Consider putting the queries into stored procedures and passing in the
value of the expression as a parameter. The Query Optimizer evaluates
the value of a parameter prior to optimization. SQL Server evaluates the
expression prior to optimizing the stored procedure.
- Avoid data type mismatches on join columns.
- Avoid
writing large complex queries whenever possible. Complex queries with a
large number of tables and join conditions can take a long time to
optimize. It may not be possible for the Query Optimizer to analyze the
entire set of plan alternatives, and it is possible that a suboptimal
query plans could be chosen. Typically, if a query involves more than 12
tables, it is likely that the Query Optimizer will have to rely on
heuristics and shortcuts to generate a query plan and may miss some
optimal strategies.
Stored Procedure Guidelines
- Use stored
procedures for SQL execution from your applications. Stored procedure
execution can be more efficient that ad hoc SQL due to reduced network
traffic and query plan caching for stored procedures.
- Use
stored procedures to make your database sort of a “black box” as far as
the as your application code is concerned. If all database access is
managed through stored procedures, the applications are shielded from
possible changes to the underlying database structures. You can simply
modify the existing stored procedures to reflect the changes to the
database structures without requiring any changes to the front-end
application code.
- Ensure that your parameter data types
match the column data types they are being compared against to avoid
data type mismatches and poor query optimization.
- Avoid
transaction nesting issues in your stored procedures by developing a
consistent error-handling strategy for failed transactions or other
errors that occur in transactions within your stored procedures.
Implement that strategy consistently across all procedures and
applications. Within stored procedures that might be nested, you need to
check whether the procedure is already being called from within a
transaction before issuing another BEGIN TRAN statement. If a transaction is already active, you can issue a SAVE TRAN
statement so that the procedure can roll back only the work that it has
performed and allow the calling procedure that initiated the
transaction to determine whether to continue or abort the overall
transaction.
- Break up large, complex stored procedures
into smaller, more manageable stored procedures. Try to create very
modular pieces of code that are easily reused and/or nested.
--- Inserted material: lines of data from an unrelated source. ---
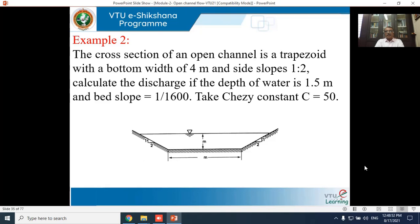Problem 2: An open channel has a trapezoidal cross section with a bottom width of 4 m and side slopes 1:2. Calculate the discharge if the depth of water is 1.5 m and bed slope is 1/1600, using Chezy's constant C = 50. This is similar to Problem 1, but use Chezy's formula since Chezy's constant is given. Try to solve this problem independently.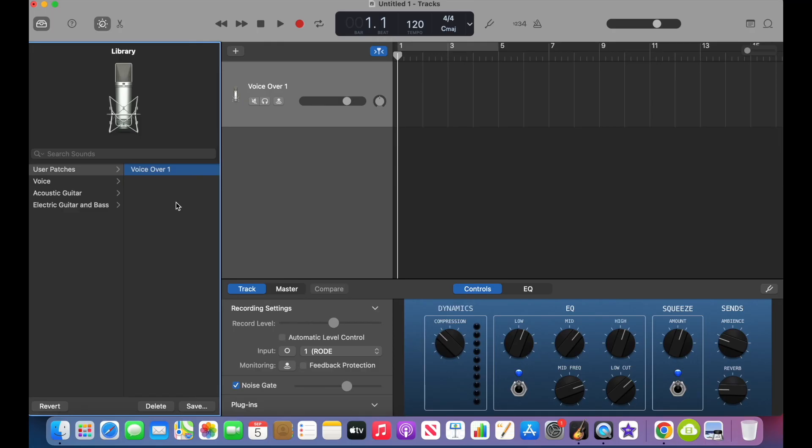There you go. Those are my basic settings for voiceovers in GarageBand. I hope you found that helpful. If you did, make sure you hit that like button so YouTube knows to share this out with more viewers. Hit that subscribe button if you'd like to see more videos like this and thanks again for watching.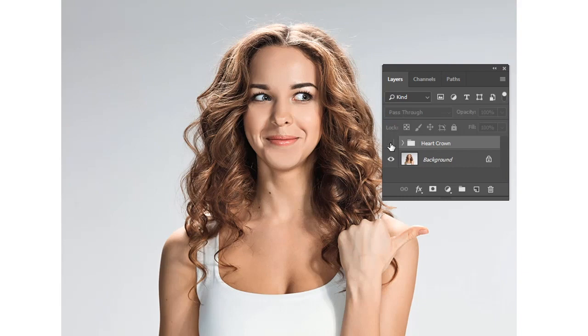Create a beautiful heart crown effect just like your favorite social media apps. Learn how to make it from scratch with this quick tip from Envato Tuts Plus.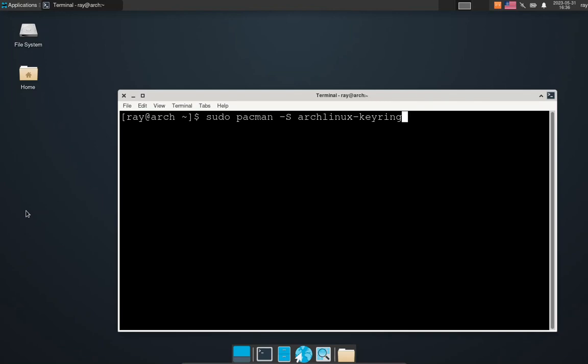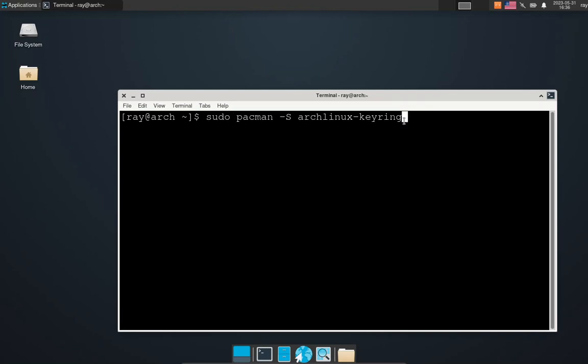If you have an error saying invalid or corrupted PGP keys when you try to update Arch after a long time, you need to write this command. You'll have to press enter and write your sudo password.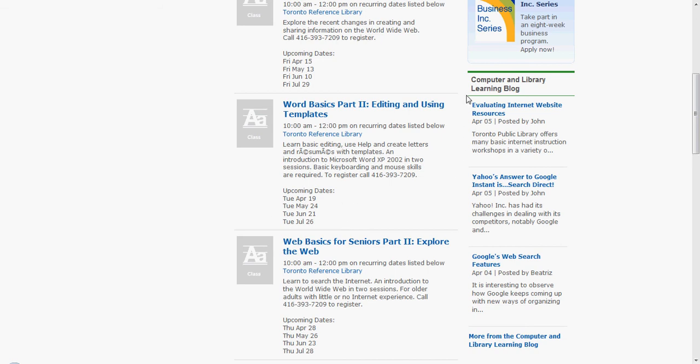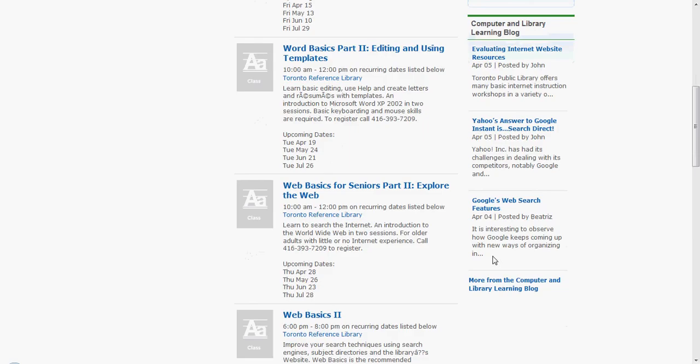From here you can also access the Computer and Library Learning Blog. Here we have the most recent articles, and here you can access the archive of articles directly from the blog.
Coding Efficient Transactions and Minimizing Locking Contention
Poorly written or
inefficient transactions can have a detrimental effect on concurrency of
access to data and overall application performance. To reduce locking
contention for resources, you should keep transactions as short and
efficient as possible. During development, you might not even notice
that a problem exists; the problem might become noticeable only after
the system load is increased and multiple users are executing
transactions simultaneously.
Following are some
guidelines to consider when coding transactions to minimize locking
contention and improve application performance:
- Do not return
result sets within a transaction. Doing so prolongs the transaction
unnecessarily. Perform all data retrieval and analysis outside the
transaction.
- Never
prompt for user input during a transaction. If you do, you lose all
control over the duration of the transaction. (Even the best programmers
miss this one on occasion.) On the failure of a transaction, be sure to
issue the rollback before putting up a message box telling the user
that a problem occurred.
- Use optimistic locking or
snapshot isolation. If user input is unavoidable between data retrieval
and modification and you need to handle the possibility of another user
modifying the data values read, leverage the necessary locking strategy
(or isolation) to guarantee that no other user corrupts this data.
Simple things like re-read and compare, as opposed to holding the
resource.
- Keep statements that comprise a transaction in
a single batch to eliminate unnecessary delays caused by network
input/output between the initial BEGIN TRAN statement and the subsequent COMMIT TRAN commands. Additionally, keeping the BEGIN TRAN and COMMIT/ROLLBACK statements within the same batch helps avoid the possibility of leaving transactions open should the COMMIT/ROLLBACK statement not be issued in a subsequent batch.
- Consider
coding transactions entirely within stored procedures. Stored
procedures typically run faster than commands executed from a batch. In
addition, because they are server resident, stored procedures reduce the
amount of network I/O that occurs during execution of the transaction,
resulting in faster completion of the transaction.
- Keep
transactions as short and concise as possible. The shorter the period of
time locks are held, the less chance for lock contention. Keep commands
that are not essential to the unit of work being managed by the
transaction (for example, assignment selects, retrieval of updated or
inserted rows) outside the transaction.
- Use the lowest
level of locking isolation required by each process. For example, if
dirty reads are acceptable and accurate results are not imperative,
consider using transaction Isolation Level 0. Use the Repeatable Read or
Serializable Read isolation levels only if absolutely necessary.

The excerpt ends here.